**PROVIDED MATERIAL:**
-*-*-

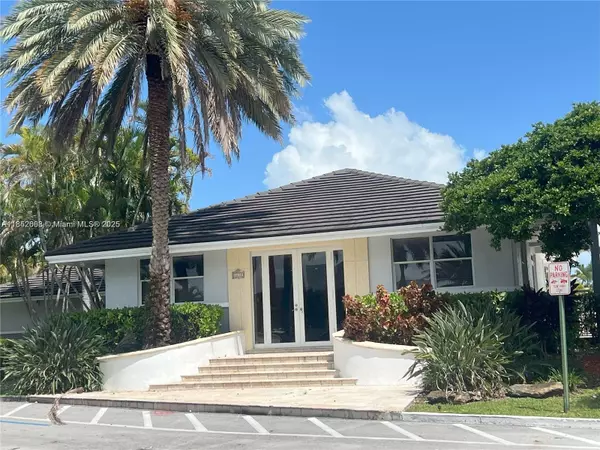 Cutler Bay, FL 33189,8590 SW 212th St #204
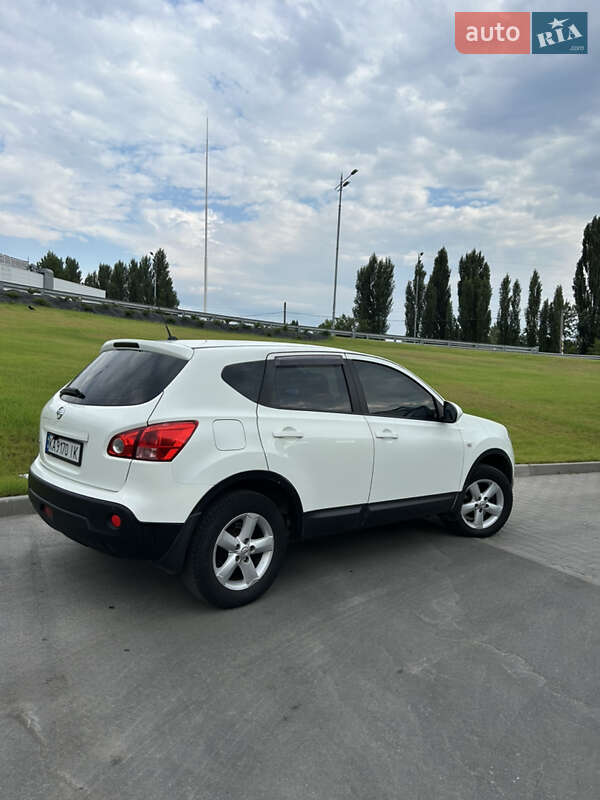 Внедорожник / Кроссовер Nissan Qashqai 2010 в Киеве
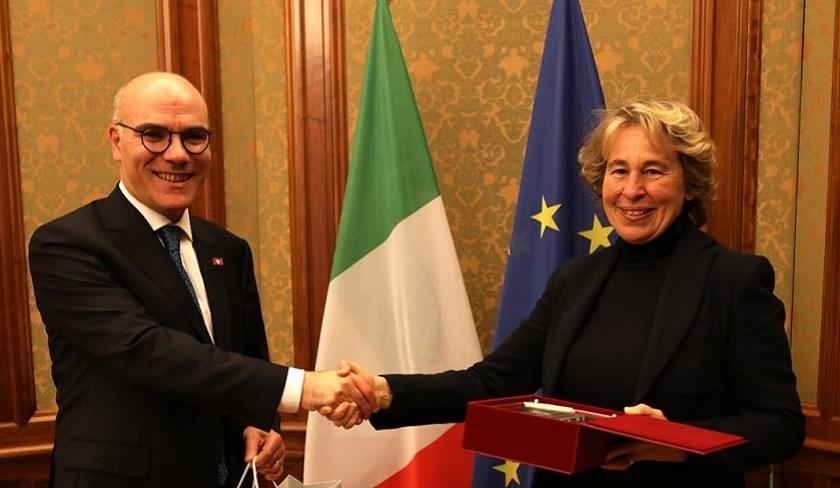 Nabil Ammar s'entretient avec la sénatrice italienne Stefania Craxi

-*-*-

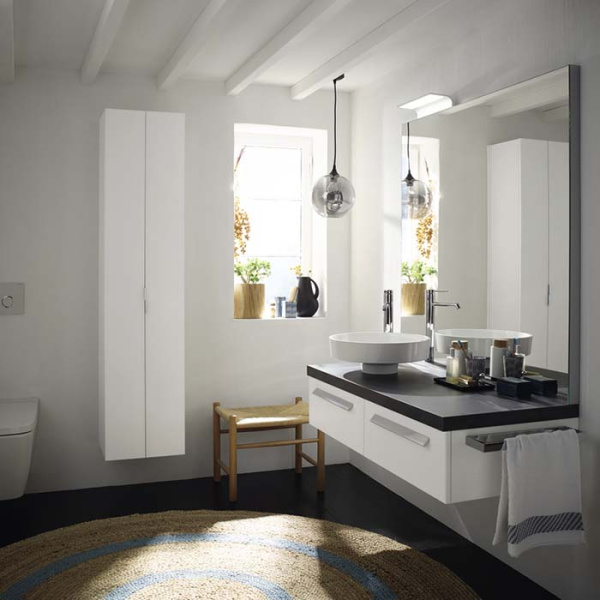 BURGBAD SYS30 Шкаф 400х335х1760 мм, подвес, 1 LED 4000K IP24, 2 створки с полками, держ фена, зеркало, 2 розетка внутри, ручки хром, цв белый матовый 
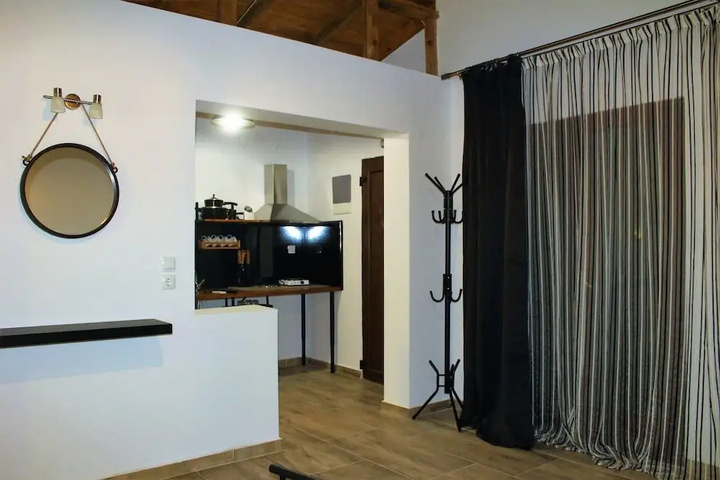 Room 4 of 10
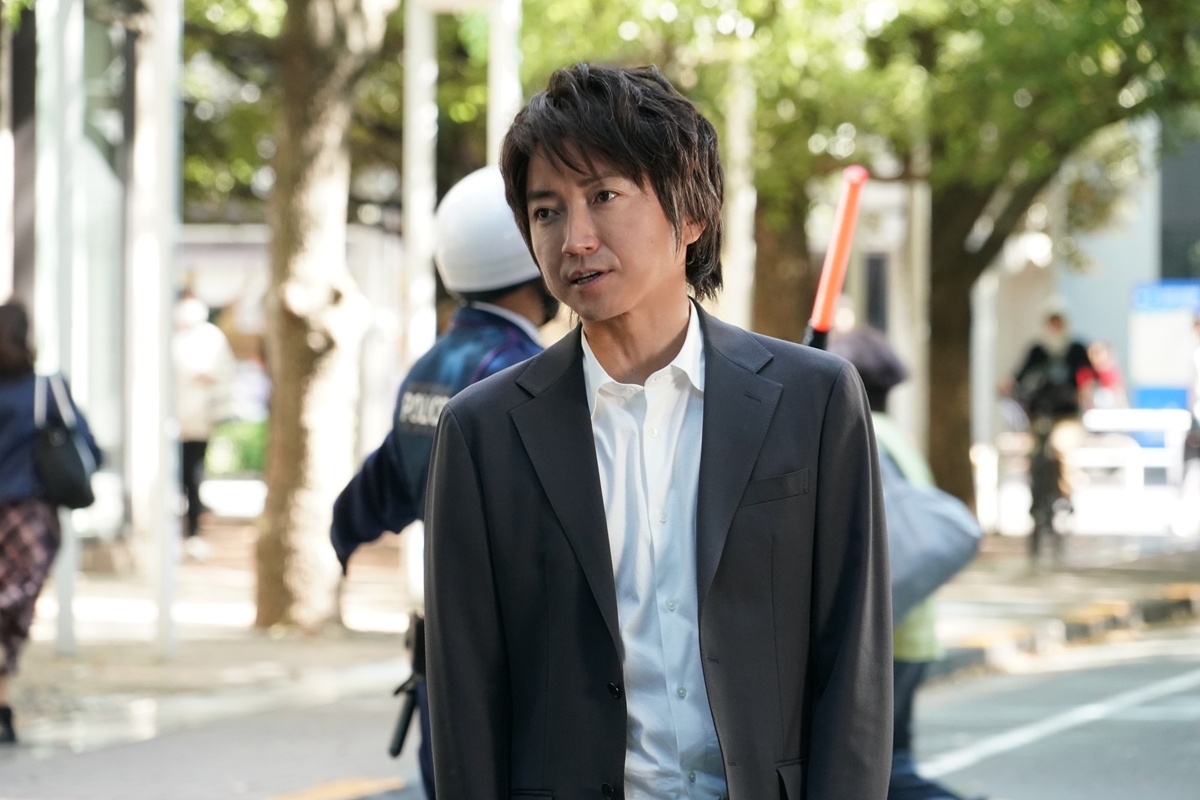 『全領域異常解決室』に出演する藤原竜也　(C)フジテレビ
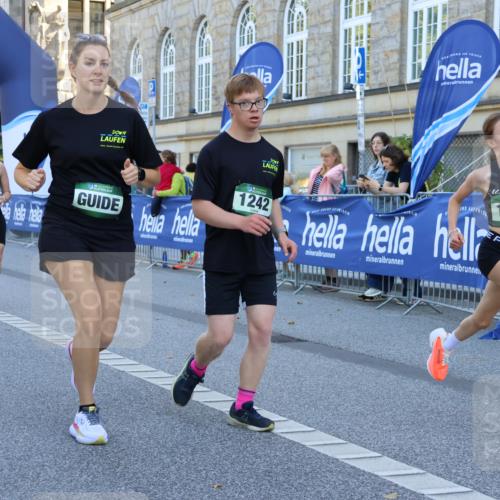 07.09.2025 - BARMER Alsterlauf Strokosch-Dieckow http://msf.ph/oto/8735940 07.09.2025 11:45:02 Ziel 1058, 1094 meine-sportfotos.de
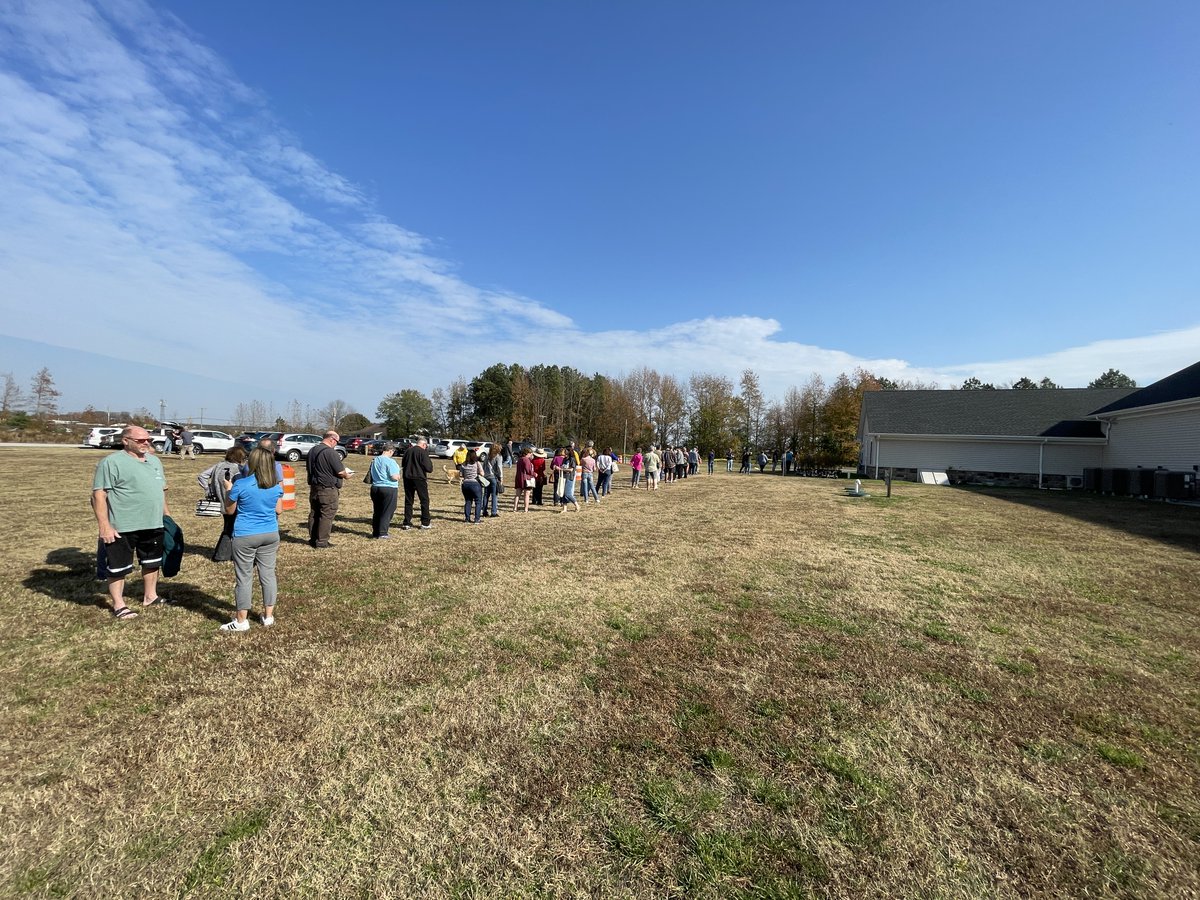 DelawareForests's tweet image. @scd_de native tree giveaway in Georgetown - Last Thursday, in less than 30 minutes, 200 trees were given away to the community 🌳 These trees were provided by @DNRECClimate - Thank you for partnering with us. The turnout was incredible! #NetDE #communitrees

-*-*-

Leaving out all pictures, set down exactly the lines of the material above, from the line with "Cutler Bay, FL 33189,8590 SW 212th St #204" to the line with "Nabil Ammar s'entretient" inclusive, and no others.

 Cutler Bay, FL 33189,8590 SW 212th St #204
 Внедорожник / Кроссовер Nissan Qashqai 2010 в Киеве
 Nabil Ammar s'entretient avec la sénatrice italienne Stefania Craxi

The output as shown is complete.